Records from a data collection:
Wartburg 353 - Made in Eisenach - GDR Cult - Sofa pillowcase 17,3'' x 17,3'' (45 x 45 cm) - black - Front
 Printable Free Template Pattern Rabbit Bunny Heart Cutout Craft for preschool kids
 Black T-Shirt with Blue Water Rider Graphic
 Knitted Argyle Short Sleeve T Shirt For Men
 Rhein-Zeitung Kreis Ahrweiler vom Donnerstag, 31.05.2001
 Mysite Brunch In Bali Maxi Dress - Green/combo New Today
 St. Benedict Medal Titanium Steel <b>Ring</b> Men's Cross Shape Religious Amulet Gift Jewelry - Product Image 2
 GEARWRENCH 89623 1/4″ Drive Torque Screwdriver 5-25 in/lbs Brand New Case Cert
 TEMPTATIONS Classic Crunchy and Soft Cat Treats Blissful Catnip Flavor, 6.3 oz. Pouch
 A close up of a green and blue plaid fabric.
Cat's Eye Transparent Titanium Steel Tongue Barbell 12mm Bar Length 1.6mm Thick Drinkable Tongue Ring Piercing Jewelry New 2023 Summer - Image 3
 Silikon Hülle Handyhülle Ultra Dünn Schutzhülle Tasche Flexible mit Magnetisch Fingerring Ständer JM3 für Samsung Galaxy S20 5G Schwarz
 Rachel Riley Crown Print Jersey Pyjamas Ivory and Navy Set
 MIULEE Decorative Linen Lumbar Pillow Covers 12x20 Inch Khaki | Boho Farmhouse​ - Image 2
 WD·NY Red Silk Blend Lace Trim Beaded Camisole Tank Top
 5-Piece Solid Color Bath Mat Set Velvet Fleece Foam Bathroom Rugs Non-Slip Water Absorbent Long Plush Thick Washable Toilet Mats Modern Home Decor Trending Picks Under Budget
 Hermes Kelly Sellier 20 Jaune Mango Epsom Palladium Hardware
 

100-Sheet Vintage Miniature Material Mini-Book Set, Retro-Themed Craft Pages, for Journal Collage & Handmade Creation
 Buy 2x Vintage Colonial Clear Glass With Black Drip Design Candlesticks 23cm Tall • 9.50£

- **Task to carry out**: Return word for word the lines above from the line with "Knitted Argyle Short Sleeve T Shirt For Men" to the line with "St. Benedict Medal", including both and leaving out all others.

- **Solution to this exercise**:
 Knitted Argyle Short Sleeve T Shirt For Men
 Rhein-Zeitung Kreis Ahrweiler vom Donnerstag, 31.05.2001
 Mysite Brunch In Bali Maxi Dress - Green/combo New Today
 St. Benedict Medal Titanium Steel <b>Ring</b> Men's Cross Shape Religious Amulet Gift Jewelry - Product Image 2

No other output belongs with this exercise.